Kehidupan adalah ladang ujian, sedangkan akhirat adalah tempat memetik hasil. Dalam kehidupan rumah tangga seorang laki-laki terkadang diuji dengan kedurhakaan istri. Dalam agama disebut dengan nusyuz. Perempuan nusyuz kepada suami artinya perempuan yang membangkang dan bersikap buruk kepada suami.
Para ulama Malikiyah, Syafi’iyah dan Hanabilah memberi definisi bahwa nusyuz adalah keluarnya istri dari ketaatan yang wajib kepada suami (istri tidak menjalankan kewajiban taat kepada suami-red).
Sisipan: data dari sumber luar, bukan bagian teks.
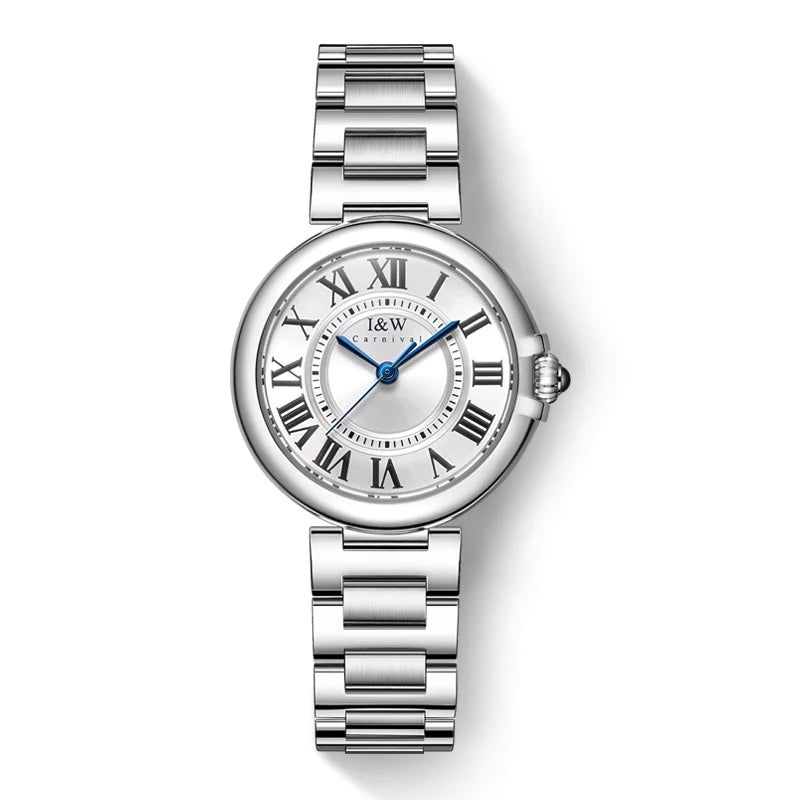 Relogio Feminino Switzerland I&W 2022 New Women Quartz Watches Sapphire Glass Waterproof 316L Stainless Steel Watch for Women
Perbuatan nusyuz (dalam arti bersikap tidak baik) bisa bersumber dari suami kepada istri atau sebaliknya, tetapi yang terkenal adalah sikap buruk yang bersumber dari istri kepada suami.
Para ulama menyatakan bahwa nusyuz termasuk perbuatan dosa, karena istri menyelisihi kewajibannya untuk menaati suami, padahal kedudukan suami bagi istri adalah sangat agung. Banyak keterangan dari Nabi shallallahu ‘alaihi wa sallam tentang hak suami yang begitu tinggi kepada istrinya.
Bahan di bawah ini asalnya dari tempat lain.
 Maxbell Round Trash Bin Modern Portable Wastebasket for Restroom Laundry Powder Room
Dari Abu Hurairah radhiyallahu ‘anhu, dari Nabi shallallahu ‘alaihi wa sallam, beliau bersabda,
لَوْ كُنْتُ آمِرًا أَحَدًا أَنْ يَسْجُدَ لأَحَدٍ لأَمَرْتُ الْمَرْأَةَ أَنْ تَسْجُدَ لِزَوْجِهَا
“Kalau aku boleh memerintahkan seseorang untuk sujud kepada orang lain, tentu aku sudah memerintahkan para istri untuk sujud kepada suaminya.” (HR at-Tirmidzi. Syekh al-Albani berkata, “Hadis hasan sahih.”)
Bentuk-Bentuk Nusyuz dan Ancamannya
Nusyuz atau kedurhakaan istri kepada suami sangat banyak bentuknya. Berikut adalah di antaranya:
1. Tidak bersyukur kepada suami
Kebaikan suami kepada istri sangat banyak, mulai dari memberi nafkah kepada keluarga, menjaga anak istri, memberikan ketenangan dan ketentraman rumah tangga, dan lain-lain. Maka kewajiban istri adalah bersyukur kepada Allah Azza wa Jalla, kemudian kepada suaminya. Tidak bersyukur kepada suami menjadi sebab kemurkaan Allah kepada istri, sebagaimana sabda Nabi shallallahu ‘alaihi wa sallam,
لَا يَنْظُرُ اللهُ إِلَى امْرَأَةٍ لَا تَشْكَرُ لِزَوْجِهَا وَهِيَ لَا تَسْتَغْنِي عَنْهُ
“Allah tidak akan melihat seorang istri yang tidak berterima kasih kepada (kebaikan) suaminya, padahal ia selalu butuh kepada suaminya.” (HR an-Nasa-i)
Bahkan Nabi shallallahu ‘alaihi wa sallam menjelaskan bahwa sikap istri yang tidak bersyukur kepada suami merupakan sebab banyaknya perempuan masuk Neraka.
Dari Ibnu Abbas radhiyallahu ‘anhuma, dia berkata bahwa Nabi shallallahu ‘alaihi wa sallam bersabda,
أُرِيتُ النَّارَ فَإِذَا أَكْثَرُ أَهْلِهَا النِّسَاءُ، يَكْفُرْنَ
“Neraka telah diperlihatkan kepadaku. Ternyata mayoritas penghuninya adalah perempuan. Mereka kufur (mengingkari).”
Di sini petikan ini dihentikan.